Our previous studies have shown that nuclear G-actin suppresses MRTF target gene transcription (Vartiainen et al., 2007). Our recent data show that this involves control both of MRTF-SRF interaction and DNA binding, and RNA polymerase II recruitment and initiation: we are using biochemical and genomic approaches to elucidate the molecular mechanisms involved. A second area of interest concerns the relationship between signalling to the MRTFs and chromatin modifications at their target genes. Here we will establish the modifiers involved, the role played by the modifications in facilitating transcription, and their relation to chromatin modifications induced by the TCF proteins. Finally we are interested in elucidating how external environment determines the subcellular location of the MRTFs under resting conditions, and how MRTF/SRF signalling is linked to the effects of tissue mechanics on stem cell differentiation and the pro-tumorigenic activity of cancer associated fibroblasts.
Experience and competencies
This project will suit postdocs with research interests in gene regulation and a background in signal transduction, cancer biology, or cytoskeletal regulation. Postdocs are expected to lead their own projects, contribute to other projects on a collaborative basis. The ability to work in a team is essential.
- Experience in gene expression analysis techniques, including RNAseq and ChIPseq, and
- biochemistry, molecular biology or cell biology, or in the final stages of PhD submission
- Track record of publication, evidenced by published research papers or submitted manuscripts in refereed journals
- Excellent knowledge and understanding of the molecular biology of gene expression, cell signalling, and/or cytoskeletal dynamics
- Experience in biochemistry and protein purification
- Willingness to learn new experimental skills
- Good organisational skills, ability to work independently.
Esnault, C., Gualdrini, F., Horswell, S., Kelly, G., Stewart, A., East, P., Matthews, N., and Treisman, R. (2017). ERK-Induced Activation of TCF Family of SRF Cofactors Initiates a Chromatin Modification Cascade Associated with Transcription. Molecular cell 65, 1081-1095 e1085.

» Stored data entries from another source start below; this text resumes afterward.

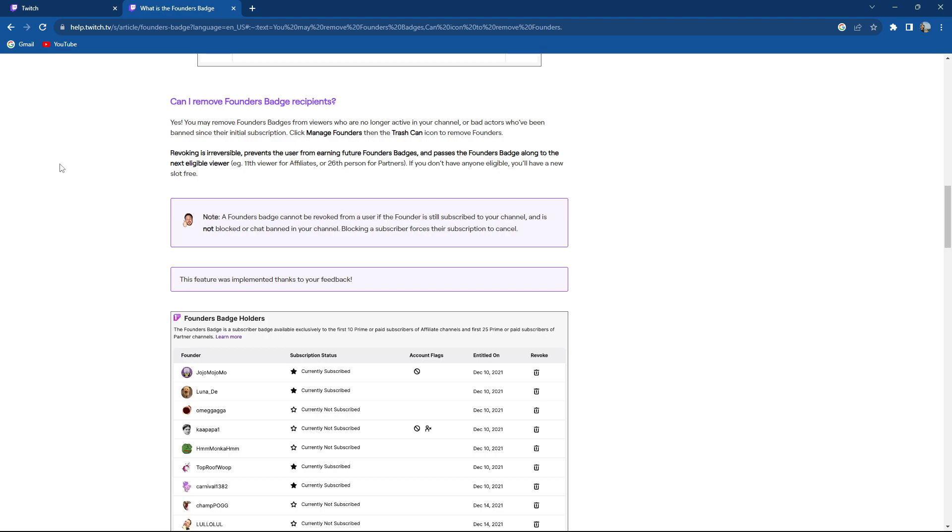You need to click manage founders then the trash can icon to remove founders. Revoking is irreversible, prevents the users from earning future founders badges, and passes the founder badge along to the next eligible viewer like the 11th viewer for affiliates or 26th person for partners. If you don't have anyone eligible you will have a new slot free.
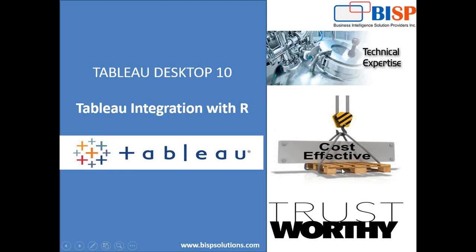Hello friends, welcome to BISPSolutions.com. My name is Sumit and in this video I am going to demonstrate how we can integrate Tableau with R.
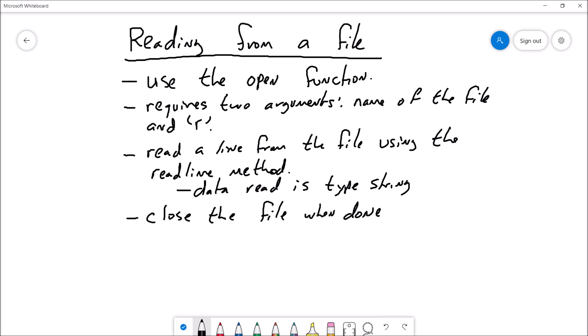Reading data from a text file is going to require that we use the open function. The open function is a value-returning function and we will assign the value returned by the open function to some variable. That variable will serve as our connection to the file. The open function is going to require two arguments: the name of the file and 'r', which stands for reading. By default, the program is going to search for the file in the same directory as the program source file itself.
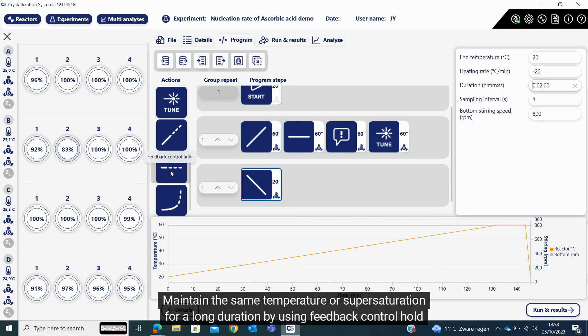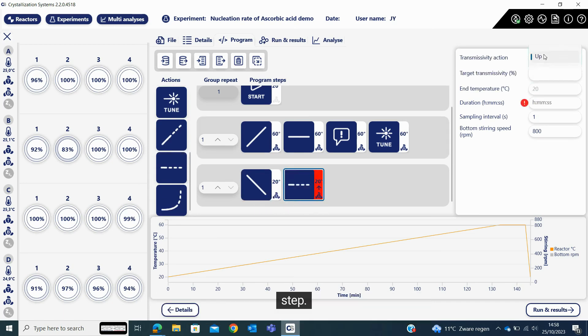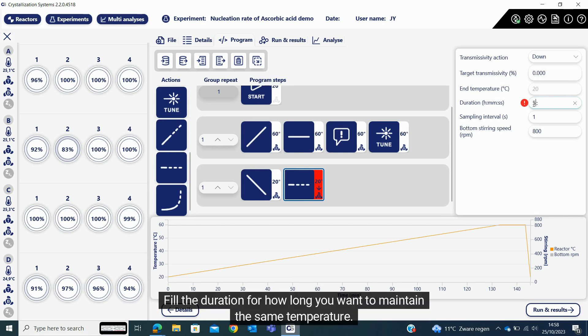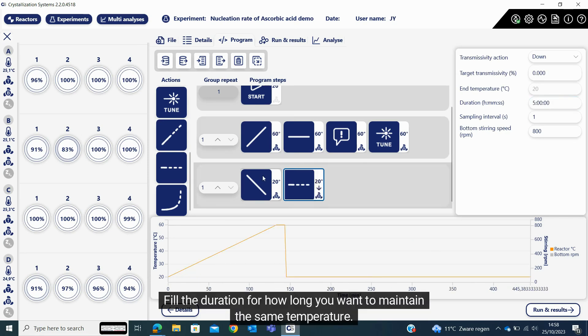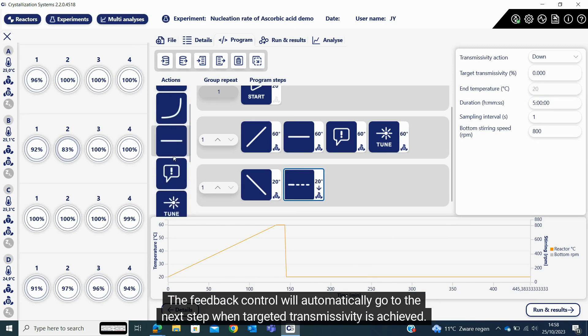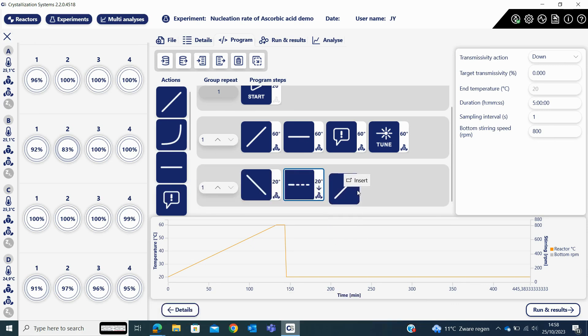Maintain the same temperature or supersaturation for a long duration by using feedback control hold step. Mention if the transmissivity is going up or down and the targeted transmissivity. Fill the duration for how long you want to maintain the same temperature. The feedback control will automatically go to the next step when targeted transmissivity is achieved.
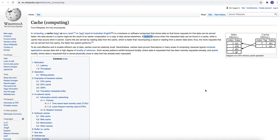In computing, a cache is a hardware or software component that stores data so that future requests for the data can be served faster. The data stored in a cache might be the result of earlier computation or a copy of data stored elsewhere.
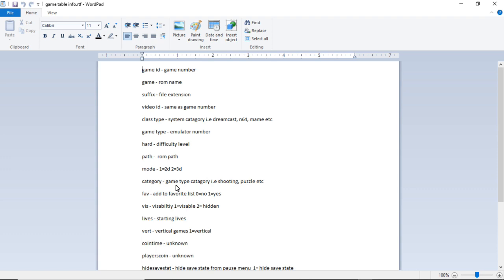The next row or next column is fave. That's to add it to the favorites, zero is no, one is yes. The next one is viz, that's to make the game visible, one is visible, two is hidden.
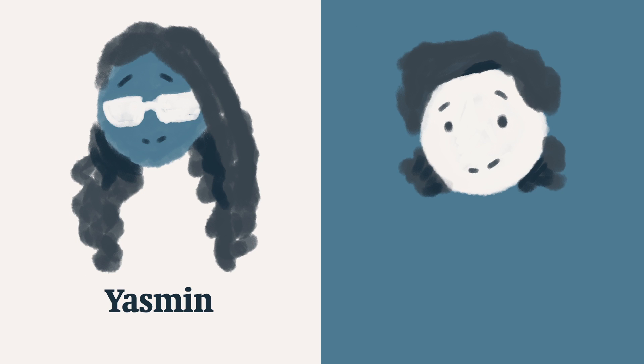Hello there, my name is Yasmin. And my name is Josh. I'm an oral historian. And I'm a graphic designer.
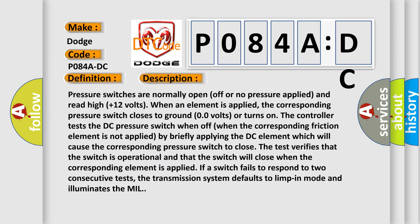Pressure switches are normally open (off or no pressure applied) and read high (+12 volts). When an element is applied, the corresponding pressure switch closes to ground (0.0 volts) or turns on. The controller tests the DC pressure switch when off (when the corresponding friction element is not applied) by briefly applying the DC element, which will cause the corresponding pressure switch to close. The test verifies that the switch is operational and that the switch will close when the corresponding element is applied.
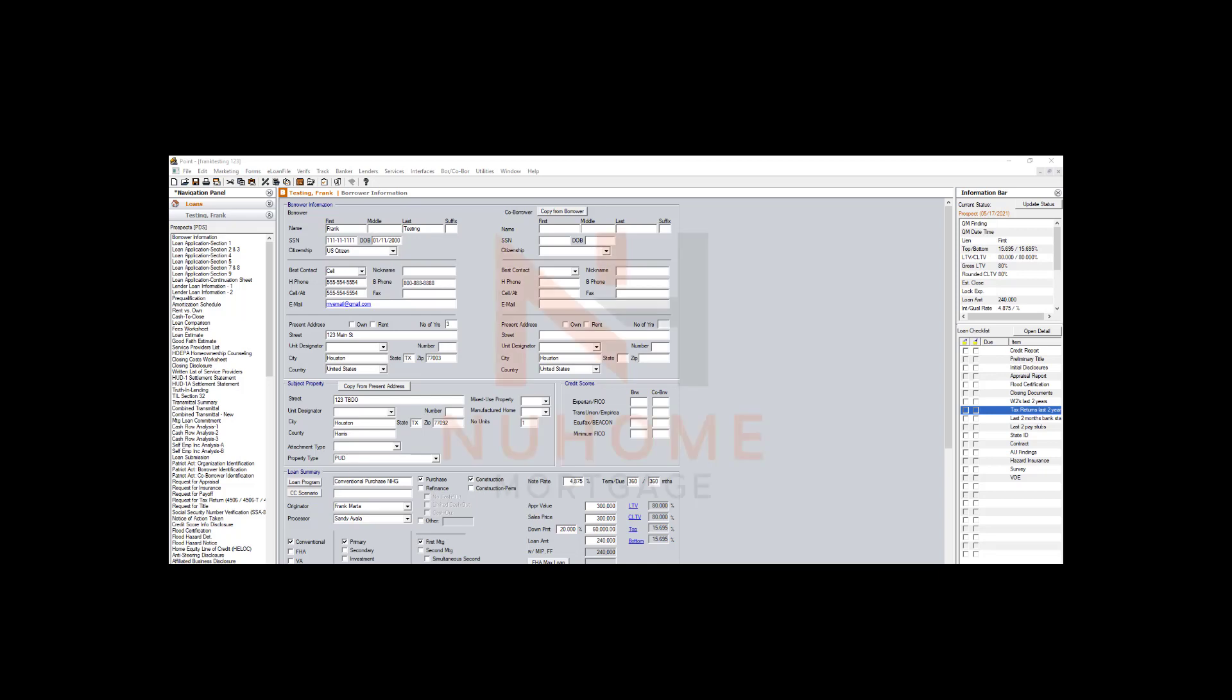Hello, hi everyone, it's Frank here. I want to show you how to run DU through Calyx Point. They made it a lot easier, and it should be really easy for us to run now. Check it out.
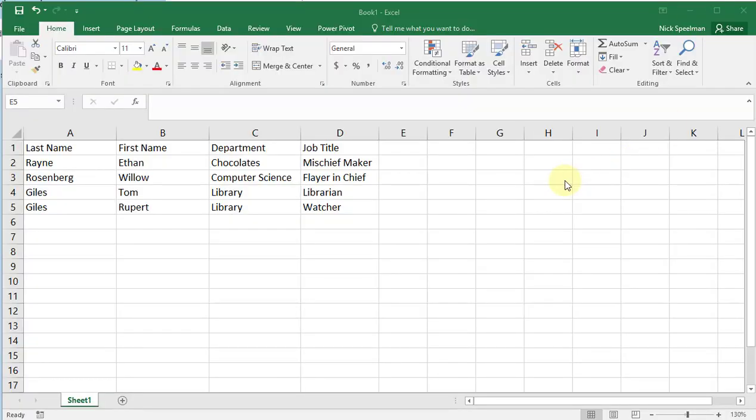I'm going to show you how to quickly sort a range in Excel. It's pretty simple, it's a function that's built right in.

Esnault, C., Stewart, A., Gualdrini, F., East, P., Horswell, S., Matthews, N., and Treisman, R. (2014). Rho-actin signaling to the MRTF coactivators dominates the immediate transcriptional response to serum in fibroblasts. Genes & development 28, 943-958.
Foster, C.T., Gualdrini, F., and Treisman, R. (2017). Mutual dependence of the MRTF-SRF and YAP-TEAD pathways in cancer-associated fibroblasts is indirect and mediated by cytoskeletal dynamics. Genes & development 31, 2361-2375.
Gualdrini, F., Esnault, C., Horswell, S., Stewart, A., Matthews, N., and Treisman, R. (2016). SRF Co-factors Control the Balance between Cell Proliferation and Contractility. Molecular cell 64, 1048-1061.
Miralles, F., Posern, G., Zaromytidou, A.-I., and Treisman, R. (2003). Actin dynamics control SRF activity by regulation of its coactivator MAL. Cell 113, 329-342.
Mylona, A., Theillet, F.X., Foster, C., Cheng, T.M., Miralles, F., Bates, P.A., Selenko, P., and Treisman, R. (2016). Opposing effects of Elk-1 multisite phosphorylation shape its response to ERK activation. Science 354, 233-237.
Olson, E.N., and Nordheim, A. (2010). Linking actin dynamics and gene transcription to drive cellular motile functions. Nat Rev Mol Cell Biol 11, 353-365.
Posern, G., and Treisman, R. (2006). Actin' together: serum response factor, its cofactors and the link to signal transduction. Trends Cell Biol 16, 588-596.
Vartiainen, M.K., Guettler, S., Larijani, B., and Treisman, R. (2007). Nuclear actin regulates dynamic subcellular localization and activity of the SRF cofactor MAL. Science 316, 1749-1752.